Leaders in Dubai’s real estate sector have identified an urgent need for the industry to refocus on end users and diversify future developments in order to drive economic growth for the emirate.
Speaking at a roundtable hosted by international real estate consultant Drees & Sommer, 13 senior executives from Dubai’s major developers, contractors, architecture firms and consultancies gathered to debate the most pressing issues facing the real estate industry.
Moderated by Stephan Degenhart, Managing Director, Drees & Sommer Middle East, the discussion centred around the need for the different disciplines within the real estate business to work together to tackle the current challenges of over-supply, sales and product delivery.
Summing up the debate, Degenhart said: "Expectations on the level of return for real estate investors have changed amid increasing competition. While net yields are still good on international standards, the shift requires a change of mindset at all levels of the supply chain, from consultants and architects through to contractors and the master developers."
"The profile of the end user is different, with more owner-occupiers, and the market should adjust to their needs," he noted.
“There is an opportunity here for developers to diversify their product, away from traditional residential, and for consultants and contractors alike to invest in technology in order to become more efficient partners, and we are looking forward to seeing innovation across the sector in the future,” stated Degenhart.
With Expo 2020 Dubai now less than a year away, the group discussed how the industry could refocus with the global mega-event in mind.
Alexander Davies, the Chief Operating Officer, Dubai Properties, held discussions on “How is Dubai positioned to attract the growth that Expo 2020 Dubai could offer?
"The real estate market has to start refocusing and has to start driving economic growth. In terms of the future, we’ve got to diversify, we’ve got to look away from retail-resi. The biggest potential is in small industry, and in how to be sustainable," he stated.
Rajan Israni, the Chairman, Sun and Sand Developers Group, said: "During Expo 2020, over a period of six months, 20 to 25 million people will be visiting Dubai. At least 3-5% of these people will look to invest here. We need new regulations that will help them do so.”
Aaron Chehab, the Head of Strategy and Business Development at ACC, agreed that more needed to be done to nurture the needs of end users and suggested that home owners in Dubai be eligible for visas, regardless of mortgage status or property value.
“We have to increase the population by nurturing user demands somehow, otherwise there will be a surplus of supply that’s not going to be consumed for at least another five years,” warned Chehab.
Following the recent launch of Dubai’s Higher Committee of Real Estate, which aims to avoid duplication of projects in the sector and achieve a more sustainable balance between supply and demand, the debate turned to the subject of industry regulation.

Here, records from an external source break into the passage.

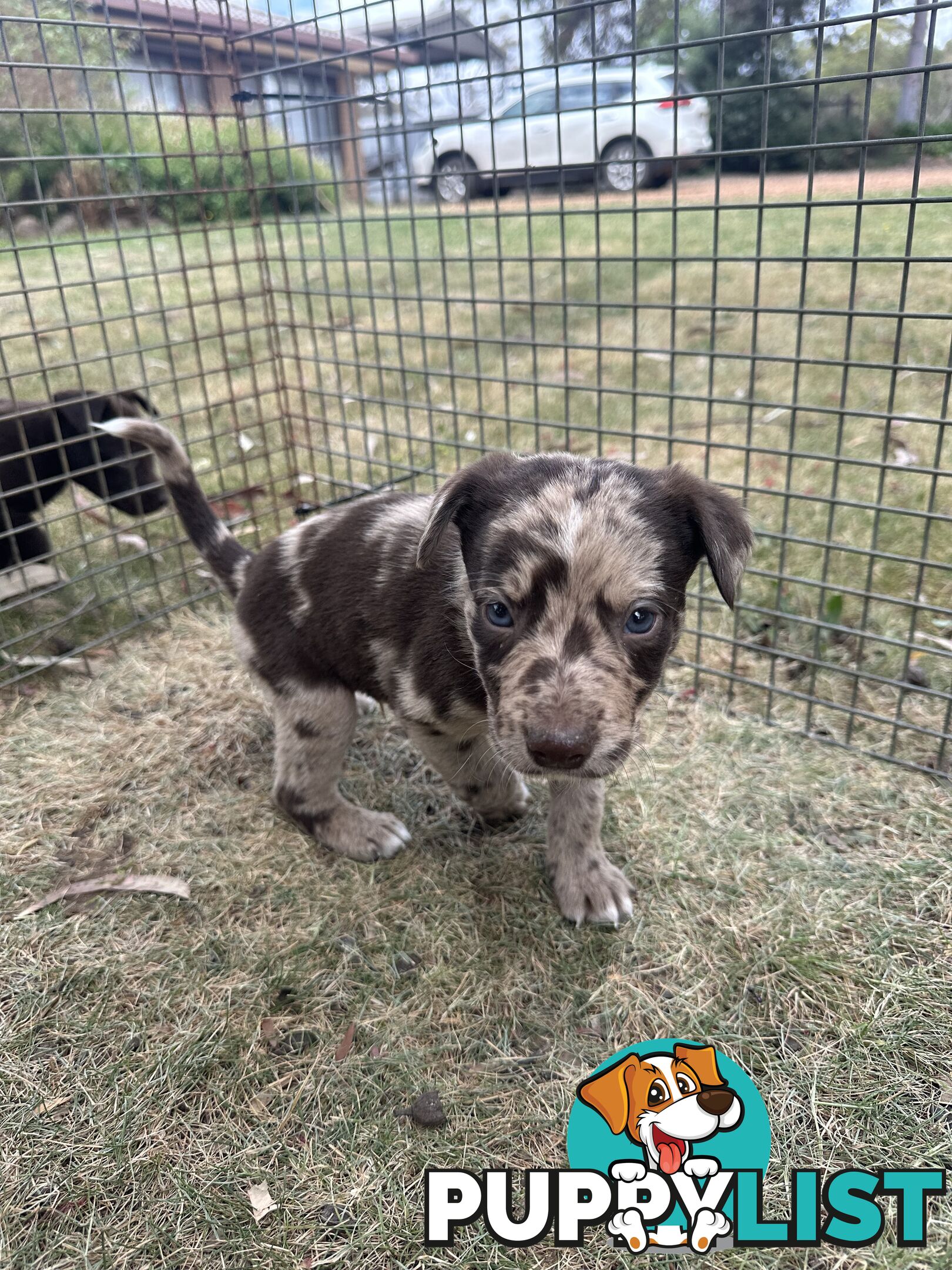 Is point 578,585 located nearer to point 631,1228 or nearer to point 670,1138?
point 670,1138

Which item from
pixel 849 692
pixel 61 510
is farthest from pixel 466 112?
pixel 61 510

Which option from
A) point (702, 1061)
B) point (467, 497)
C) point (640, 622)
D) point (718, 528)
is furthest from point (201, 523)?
point (702, 1061)

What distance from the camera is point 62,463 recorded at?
4.22 meters

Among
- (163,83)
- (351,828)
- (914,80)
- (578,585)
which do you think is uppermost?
(163,83)

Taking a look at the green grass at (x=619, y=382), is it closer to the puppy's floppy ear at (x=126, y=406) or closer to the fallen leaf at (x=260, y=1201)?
the puppy's floppy ear at (x=126, y=406)

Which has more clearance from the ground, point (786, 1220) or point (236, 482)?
point (236, 482)

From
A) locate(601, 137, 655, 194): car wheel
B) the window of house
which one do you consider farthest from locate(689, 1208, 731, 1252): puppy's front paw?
the window of house

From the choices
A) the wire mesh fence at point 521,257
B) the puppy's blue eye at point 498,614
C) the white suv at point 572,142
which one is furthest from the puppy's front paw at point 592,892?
the white suv at point 572,142

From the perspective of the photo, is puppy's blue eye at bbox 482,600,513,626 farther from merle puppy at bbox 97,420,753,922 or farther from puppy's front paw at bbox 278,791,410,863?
puppy's front paw at bbox 278,791,410,863

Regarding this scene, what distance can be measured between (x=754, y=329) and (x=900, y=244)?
1.88 feet

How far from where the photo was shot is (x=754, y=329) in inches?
127

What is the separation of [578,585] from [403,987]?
1.27 metres

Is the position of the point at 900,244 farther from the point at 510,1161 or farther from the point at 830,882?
the point at 510,1161

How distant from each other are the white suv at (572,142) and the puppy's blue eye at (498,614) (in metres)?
1.64
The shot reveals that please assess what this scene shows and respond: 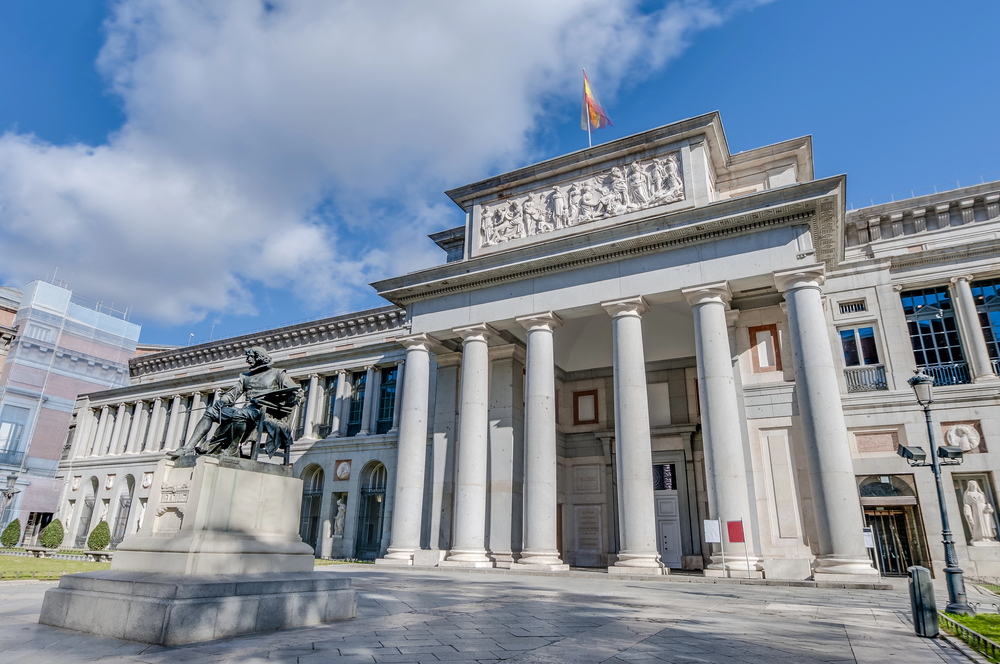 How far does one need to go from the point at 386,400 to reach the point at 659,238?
18634 millimetres

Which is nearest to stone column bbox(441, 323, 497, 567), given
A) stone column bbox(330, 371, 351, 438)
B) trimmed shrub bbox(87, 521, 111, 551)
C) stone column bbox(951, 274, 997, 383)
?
stone column bbox(330, 371, 351, 438)

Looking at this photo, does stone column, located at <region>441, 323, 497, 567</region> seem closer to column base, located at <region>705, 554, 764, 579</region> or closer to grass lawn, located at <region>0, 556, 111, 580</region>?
column base, located at <region>705, 554, 764, 579</region>

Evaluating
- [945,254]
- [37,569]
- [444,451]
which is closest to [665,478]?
[444,451]

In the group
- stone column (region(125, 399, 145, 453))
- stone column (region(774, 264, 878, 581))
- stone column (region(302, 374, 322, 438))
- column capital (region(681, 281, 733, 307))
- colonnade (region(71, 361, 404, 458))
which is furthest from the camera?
stone column (region(125, 399, 145, 453))

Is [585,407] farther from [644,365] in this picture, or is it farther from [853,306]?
[853,306]

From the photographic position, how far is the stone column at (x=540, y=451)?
20.4m

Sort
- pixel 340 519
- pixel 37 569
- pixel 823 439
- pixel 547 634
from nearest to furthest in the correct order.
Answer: pixel 547 634
pixel 823 439
pixel 37 569
pixel 340 519

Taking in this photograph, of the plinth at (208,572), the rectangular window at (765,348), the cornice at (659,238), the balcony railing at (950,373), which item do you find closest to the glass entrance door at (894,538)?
the balcony railing at (950,373)

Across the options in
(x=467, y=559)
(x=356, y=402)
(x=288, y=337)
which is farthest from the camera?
(x=288, y=337)

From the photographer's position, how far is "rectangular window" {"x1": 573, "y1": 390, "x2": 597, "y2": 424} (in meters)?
29.0

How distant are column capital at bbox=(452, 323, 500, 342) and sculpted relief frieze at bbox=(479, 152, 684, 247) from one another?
3.90m

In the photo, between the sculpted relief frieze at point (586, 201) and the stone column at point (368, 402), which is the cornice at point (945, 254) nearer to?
the sculpted relief frieze at point (586, 201)

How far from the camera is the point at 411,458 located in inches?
944

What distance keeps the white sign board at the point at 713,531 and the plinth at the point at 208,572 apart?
12.4m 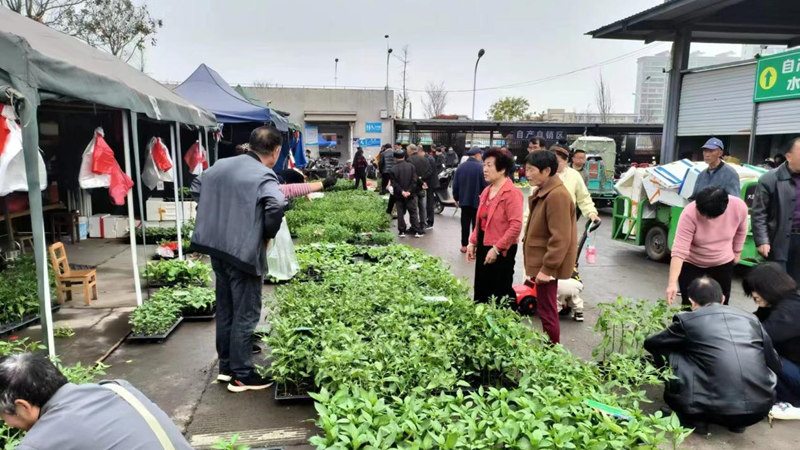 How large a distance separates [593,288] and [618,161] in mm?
25128

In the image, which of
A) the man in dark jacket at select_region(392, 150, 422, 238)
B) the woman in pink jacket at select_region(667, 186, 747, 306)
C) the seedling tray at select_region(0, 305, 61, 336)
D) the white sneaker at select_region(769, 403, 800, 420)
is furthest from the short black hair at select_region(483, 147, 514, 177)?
the man in dark jacket at select_region(392, 150, 422, 238)

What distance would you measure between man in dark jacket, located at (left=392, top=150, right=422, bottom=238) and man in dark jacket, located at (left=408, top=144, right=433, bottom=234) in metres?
0.29

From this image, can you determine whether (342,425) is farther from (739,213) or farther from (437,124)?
(437,124)

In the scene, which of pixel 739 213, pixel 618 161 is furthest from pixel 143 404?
pixel 618 161

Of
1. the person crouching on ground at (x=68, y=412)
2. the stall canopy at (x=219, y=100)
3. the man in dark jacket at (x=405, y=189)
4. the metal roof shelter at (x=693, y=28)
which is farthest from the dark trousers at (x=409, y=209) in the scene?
the person crouching on ground at (x=68, y=412)

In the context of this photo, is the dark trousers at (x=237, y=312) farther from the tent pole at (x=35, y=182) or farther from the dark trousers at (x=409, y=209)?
the dark trousers at (x=409, y=209)

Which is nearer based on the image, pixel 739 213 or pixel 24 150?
pixel 24 150

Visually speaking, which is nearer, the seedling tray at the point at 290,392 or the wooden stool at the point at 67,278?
the seedling tray at the point at 290,392

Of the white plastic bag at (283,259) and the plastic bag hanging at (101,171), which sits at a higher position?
the plastic bag hanging at (101,171)

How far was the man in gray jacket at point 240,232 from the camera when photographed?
370 cm

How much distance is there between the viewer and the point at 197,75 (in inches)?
459

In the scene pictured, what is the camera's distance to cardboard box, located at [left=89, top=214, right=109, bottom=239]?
32.2ft

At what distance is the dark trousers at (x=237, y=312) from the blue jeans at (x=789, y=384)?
149 inches

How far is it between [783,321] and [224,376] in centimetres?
408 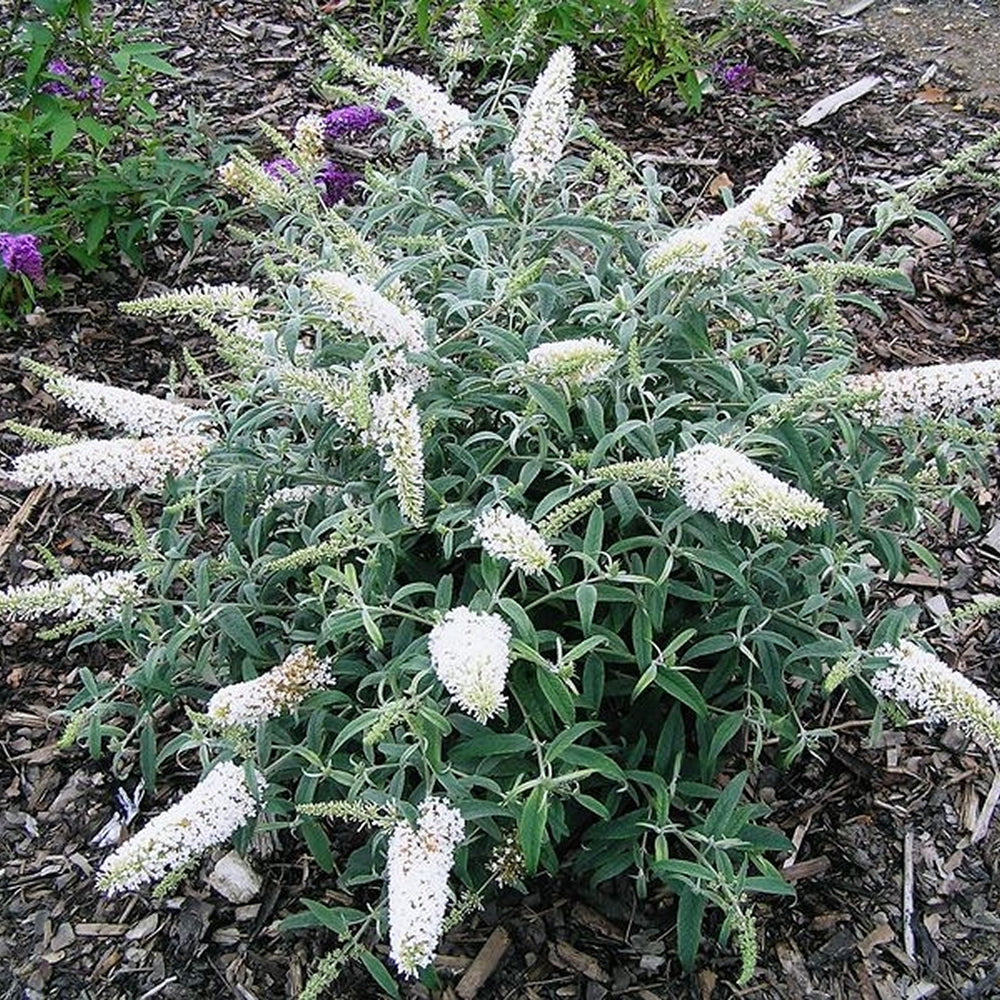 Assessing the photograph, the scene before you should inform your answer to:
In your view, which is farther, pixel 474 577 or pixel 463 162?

The group welcomed the launch of the new Committee but held mixed views on the level of regulatory framework needed for Dubai, with some suggesting that various caps on projects and/or rates could be necessary, while others remained strongly against any rigid governance, he added.
Sami Elmadalla, Chief Development Officer of First Investment Group, said: "Regulations are important and they are meant to sustain the qualitative growth of the industry, nevertheless the market needs to make mistakes to mature, encouraging new players to come to market, which will move the economy towards a more constructive competition, making a quality offering the focus of the industry rather than purely price; it’s the only way."
"Then we can fine tune the regulations by creating standards to make sure we gain from this experience," he noted.
Irma Coello, Senior Project Manager at VX Studio, said it was time for the market to take some risks.
"As a designer, and even as a user; aware of design intricacies, when I look at what the big developers pour into the market, I see little to none will stand out. They all use the same formula, no innovation whatsoever, just a worrisome, progressive reduction in size pressed into the same schemes they “successfully” sold in the past," pointed out Coello.
"One wonders if smaller developers should be more willing to think out of the box in their commercial approach in order to stand out in this increasingly grey scenario, which is full of design opportunities wasted by this lack of vision," she added.
Head of Interdisciplinary Design & Research at Drees & Sommer, Abdulmajid Karanouh, advised a strategy refocused on value.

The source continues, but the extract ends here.